■ Available data ■
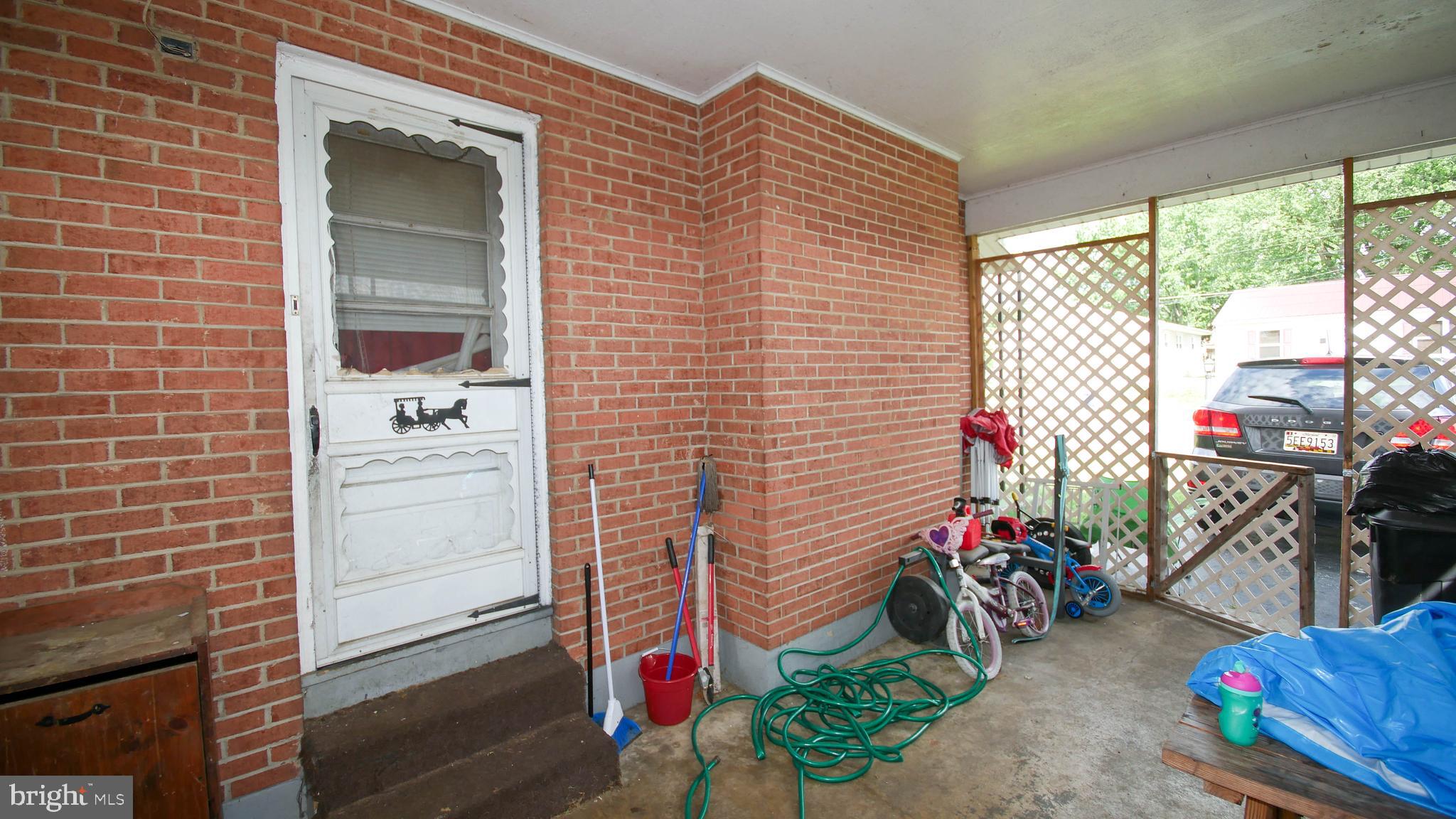 332 Wakefield Road Hagerstown, MD 21740 - Photo 35 of 40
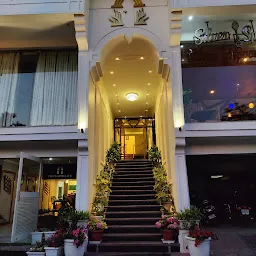 The Silverspoon, Bhimtal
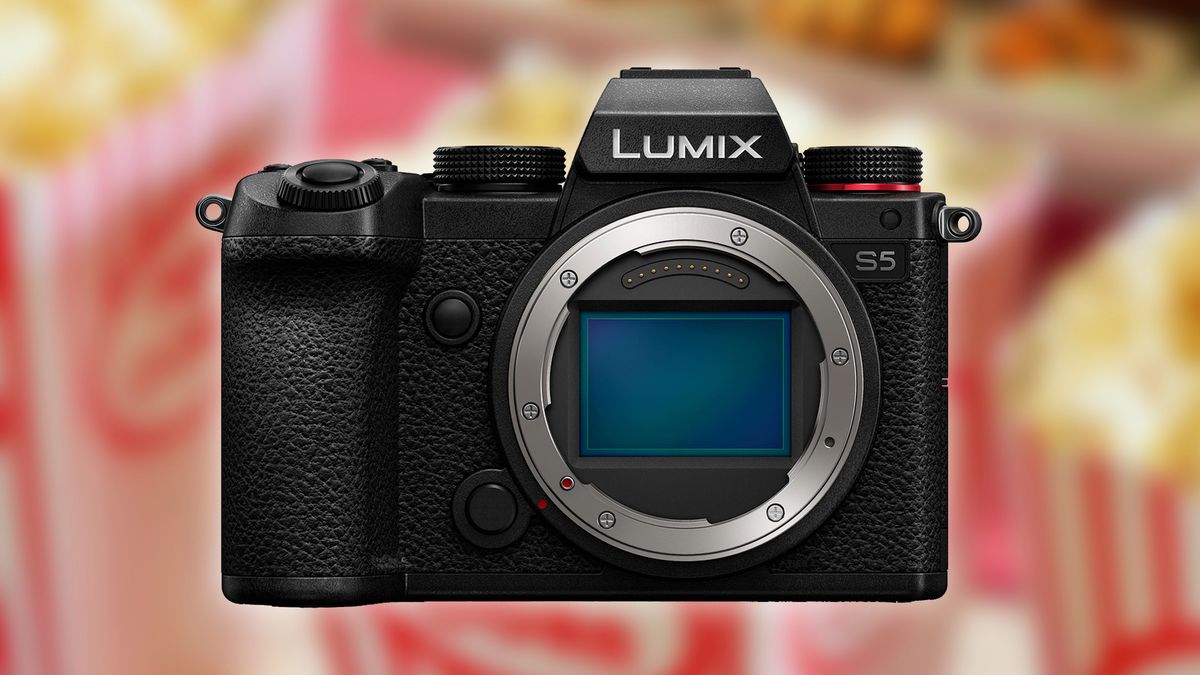 Panasonic Lumix S5 – niewielka pełna klatka dla filmowców i fotografów 1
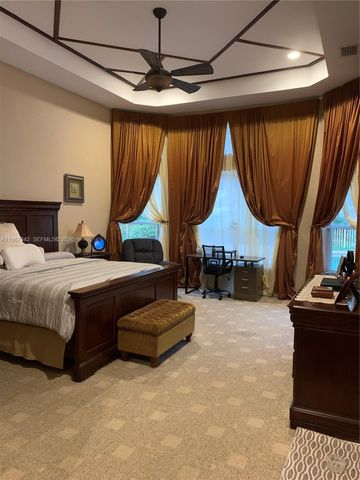 4723 SW 195th Way, Miramar, FL 33029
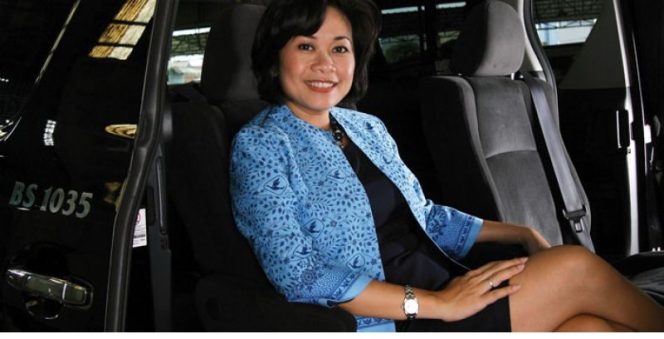 
					Bluebird tunjuk Noni Purnomo sebagai Direktur Utama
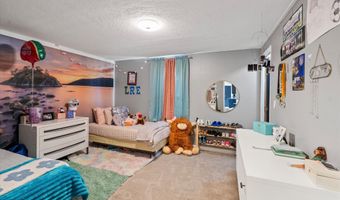 253 Aero Ln, Bigfork, MT 59911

■ Your assignment ■
The data must come back word for word, with every picture removed.

■ Output for this exercise ■
 332 Wakefield Road Hagerstown, MD 21740 - Photo 35 of 40
 The Silverspoon, Bhimtal
 Panasonic Lumix S5 – niewielka pełna klatka dla filmowców i fotografów 1
 4723 SW 195th Way, Miramar, FL 33029
					Bluebird tunjuk Noni Purnomo sebagai Direktur Utama
 253 Aero Ln, Bigfork, MT 59911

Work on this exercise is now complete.